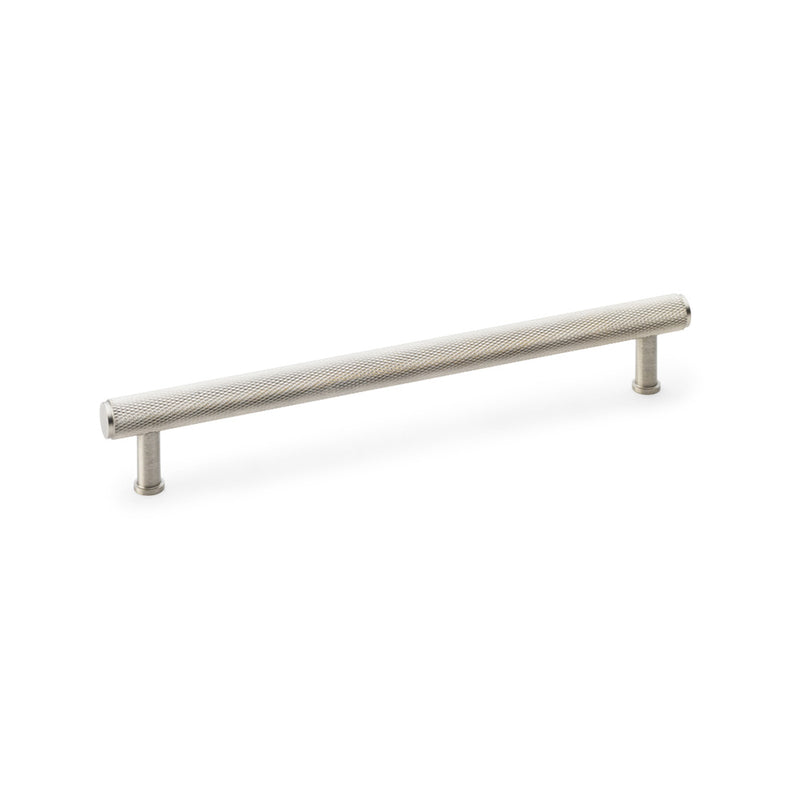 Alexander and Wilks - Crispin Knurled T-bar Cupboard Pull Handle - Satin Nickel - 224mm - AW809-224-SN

==

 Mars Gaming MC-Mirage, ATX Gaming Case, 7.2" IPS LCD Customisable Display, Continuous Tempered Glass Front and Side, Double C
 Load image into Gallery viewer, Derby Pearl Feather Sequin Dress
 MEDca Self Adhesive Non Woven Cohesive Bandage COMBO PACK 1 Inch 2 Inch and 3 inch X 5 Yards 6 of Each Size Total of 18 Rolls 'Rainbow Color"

--

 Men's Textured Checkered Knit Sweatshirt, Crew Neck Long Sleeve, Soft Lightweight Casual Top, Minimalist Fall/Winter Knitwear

## [Exercise details]
Copy the lines above exactly. Start with the line containing "Mars Gaming MC-Mirage, ATX", end with the line containing "Load image into", and include both.

## [The answer]
 Mars Gaming MC-Mirage, ATX Gaming Case, 7.2" IPS LCD Customisable Display, Continuous Tempered Glass Front and Side, Double C
 Load image into Gallery viewer, Derby Pearl Feather Sequin Dress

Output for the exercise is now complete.